▶ DATASET EXTRACT:
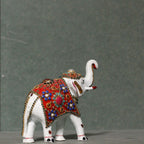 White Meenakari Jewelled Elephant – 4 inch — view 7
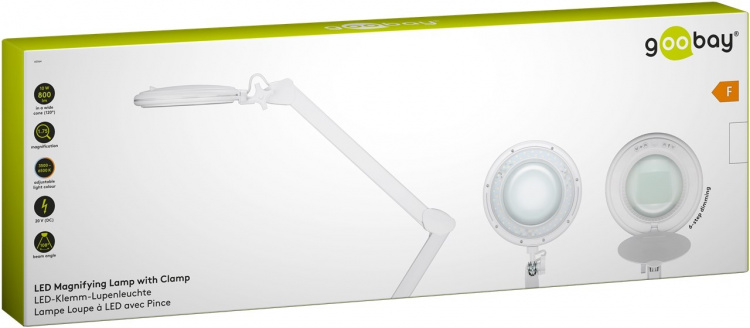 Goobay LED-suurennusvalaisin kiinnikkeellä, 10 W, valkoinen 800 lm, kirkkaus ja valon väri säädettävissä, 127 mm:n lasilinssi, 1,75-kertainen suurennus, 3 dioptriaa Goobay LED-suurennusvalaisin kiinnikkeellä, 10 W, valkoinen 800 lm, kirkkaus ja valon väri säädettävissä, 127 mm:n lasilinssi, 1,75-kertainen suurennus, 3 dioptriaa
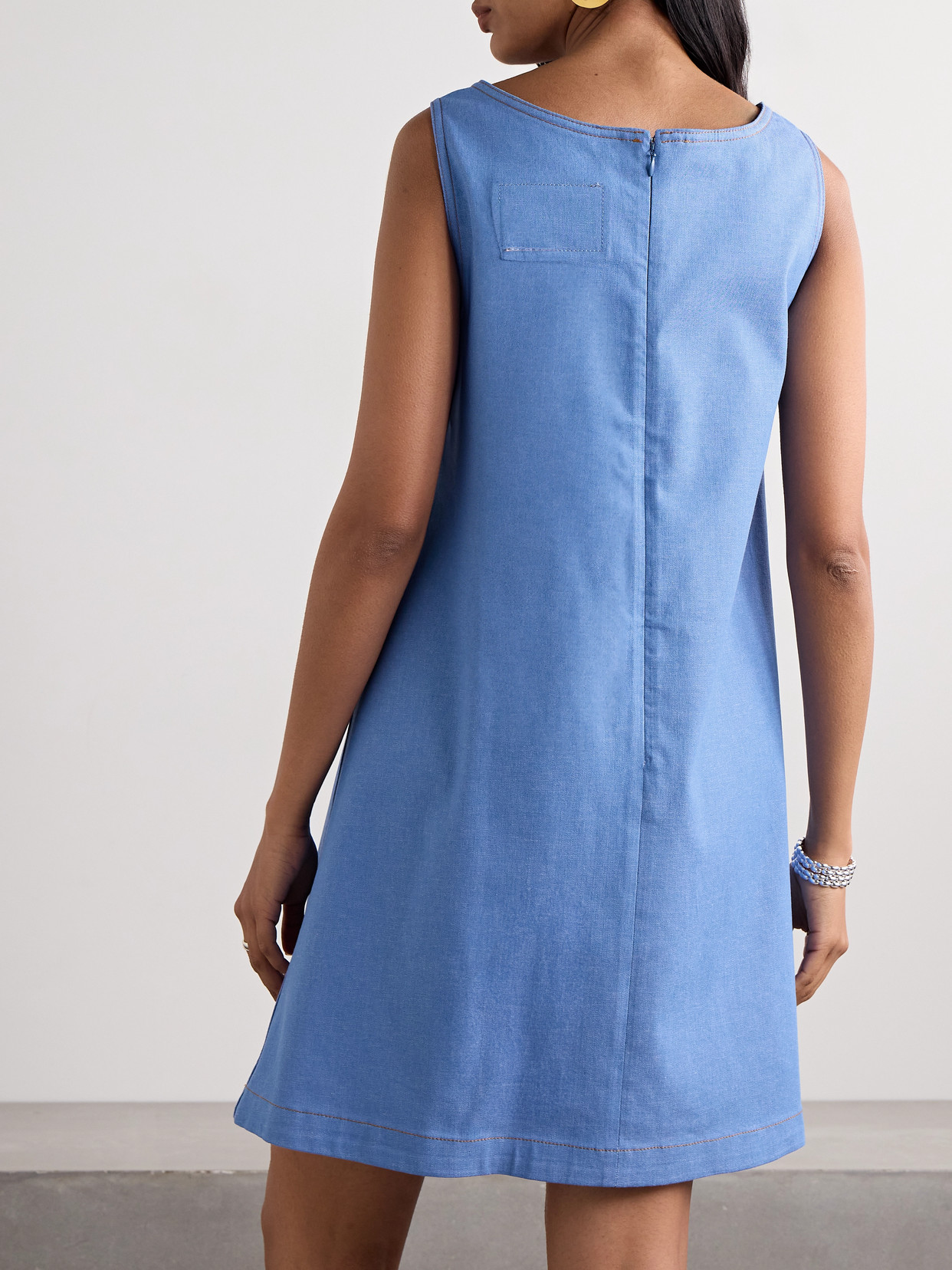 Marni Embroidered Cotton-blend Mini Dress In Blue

▶ TASK ITEM: Transcribe the whole listing exactly as it stands, apart from the pictures.

▶ RESPONSE AREA:
 White Meenakari Jewelled Elephant – 4 inch — view 7
 Goobay LED-suurennusvalaisin kiinnikkeellä, 10 W, valkoinen 800 lm, kirkkaus ja valon väri säädettävissä, 127 mm:n lasilinssi, 1,75-kertainen suurennus, 3 dioptriaa Goobay LED-suurennusvalaisin kiinnikkeellä, 10 W, valkoinen 800 lm, kirkkaus ja valon väri säädettävissä, 127 mm:n lasilinssi, 1,75-kertainen suurennus, 3 dioptriaa
 Marni Embroidered Cotton-blend Mini Dress In Blue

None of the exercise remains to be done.